Talk me into an XR650R


24 replies to this topic
  • Liquelo

Posted September 04, 2006 - 06:55 PM

#1

Vitals:

52 yrs old
5'10.5"
32" inseam

Mission:

Ride mostly in sand washes through out Ocotillo Wells, (the ocassional trip to Superstition Mt. from Ocotillo Wells?) Would like to hear from those familiar with this trek.

As I understand from reading through several posts at this and other discussion forums the XR650R does a good job of handling sand washes once up on plane. Opinions?

My current ride is an '03 XR400 Gordon Moded, a good bike but I'd like a change.

Thanks.


Liquelo

  • sokalbike

Posted September 04, 2006 - 07:00 PM

#2

find someone you know with one and ride it

Once you go BRP you'll never go back

  • XR4DEZ

Posted September 04, 2006 - 07:34 PM

#3

I ride in that area almost every weekend, 16k on the 650 in the past 3 seasons. It's a good bike for the desert.

  • captb

Posted September 04, 2006 - 09:30 PM

#4

Your looking at the right bike mine powers thru the AZ pee gravel and soft sand washes with authority, I sit back go up 1 gear higher than seems right and it gets on top in the mid range then the front end gets lite, just a little body english and it's a nice ride.

  • hypersthenos

Posted September 04, 2006 - 11:10 PM

#5

I used to race as well & always had 2 strokes. Thought nothing would touch them, even in the desert. Got a dual sported XR650R & tried in at the local ORV. Very choppy woop sections & sandwashes. I could not believe how well this bike handles that type of terrain. What surprised me the most was how I did not notice the weight of this bike in the fast stuff. The other surprise was making small changes in direction over very rough terrain at speed. That & the fact that I was less fatigued during these fast sections. Mine has stiffer fork springs & the stock rear. I'm 5'10", 165# with 31" inseam as well. Try it, you'll be hooked.

  • Liquelo

Posted September 05, 2006 - 04:58 AM

#6

Thanks fellas, sounds like a blast!!!

  • spotsboss

Posted September 05, 2006 - 07:37 AM

#7

Liquelo,

If you haven't already, rent and watch the "Dust to Glory" DVD. That'll get you fired up for a 650.

  • calxi

Posted September 05, 2006 - 09:41 AM

#8

Liquelo,

If you haven't already, rent and watch the "Dust to Glory" DVD. That'll get you fired up for a 650.


No doubt. Great flix all around. Be sure and check out the bonus material with the camera guy riding a 650 at 115mph filming with an on board camera.

  • pburke

Posted September 05, 2006 - 09:47 AM

#9

No doubt. Great flix all around.

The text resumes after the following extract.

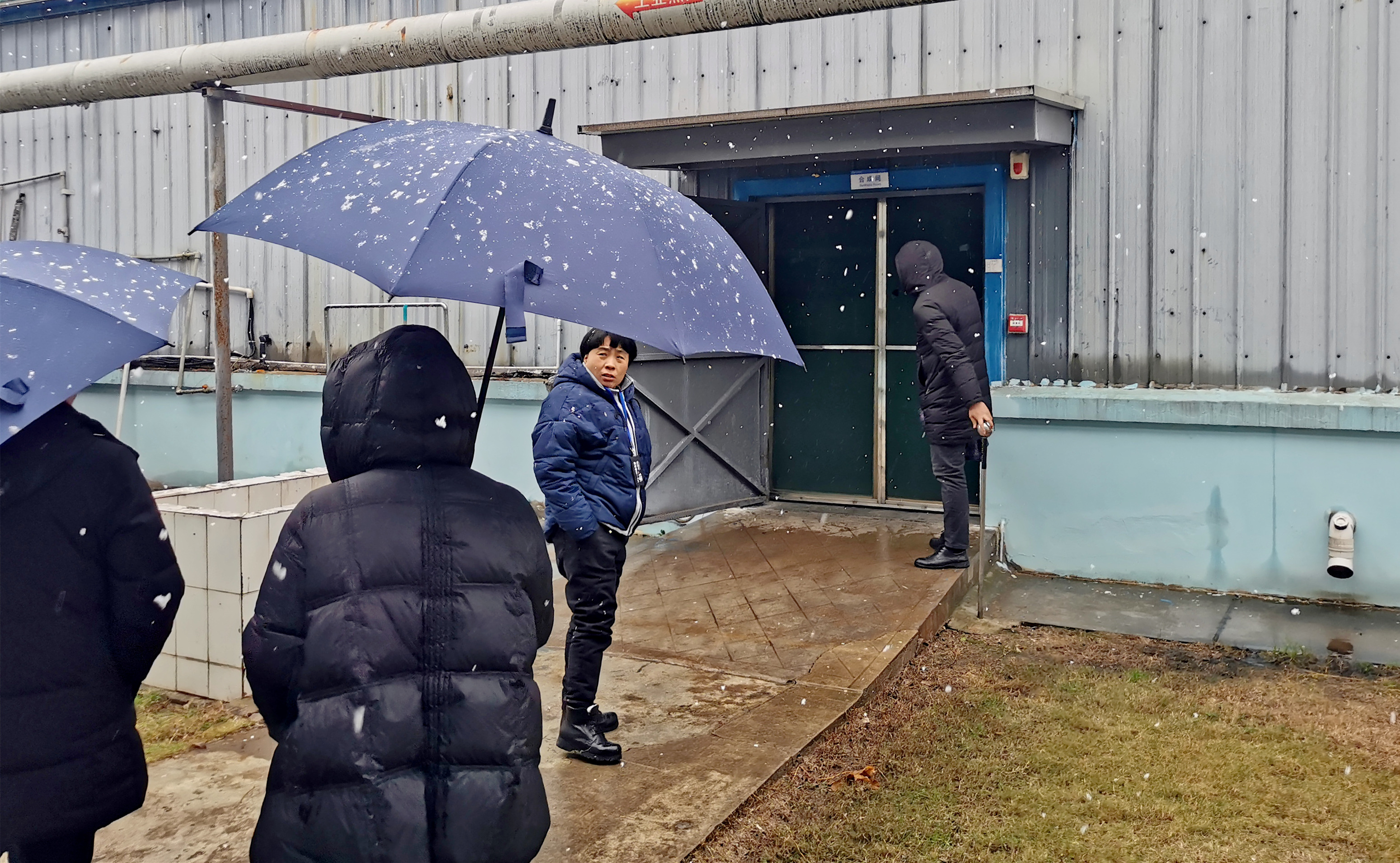 093445107.jpg 093445107.jpg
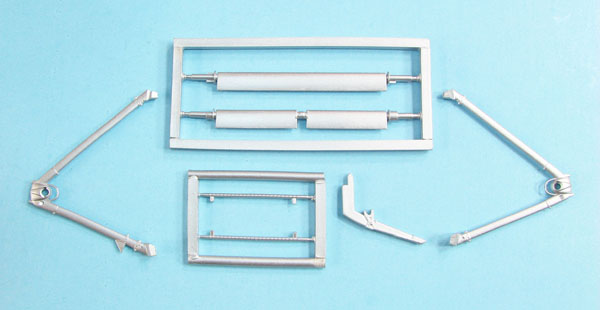 32137_site-1.jpg DFW C.V Landing Gear (WW) - Image 1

Be sure and check out the bonus material with the camera guy riding a 650 at 115mph filming with an on board camera.


doh! I've watched that thing 3 times now but never bothered to go to the bonus material :thumbsup:

  • Blue Man

Posted September 05, 2006 - 04:33 PM

#10

I grew up riding that same area, now I am in the High Dez. The BRP is the coolest bike I have owned. I would set the suspension to your body weight and most other thumps had a taller seat hight. The other choice is a WR 450, good at 3 to 93 MPH, e start and great ergos. I plan on a WR for D37 racing and I will always have a BRP in the stable for everything else.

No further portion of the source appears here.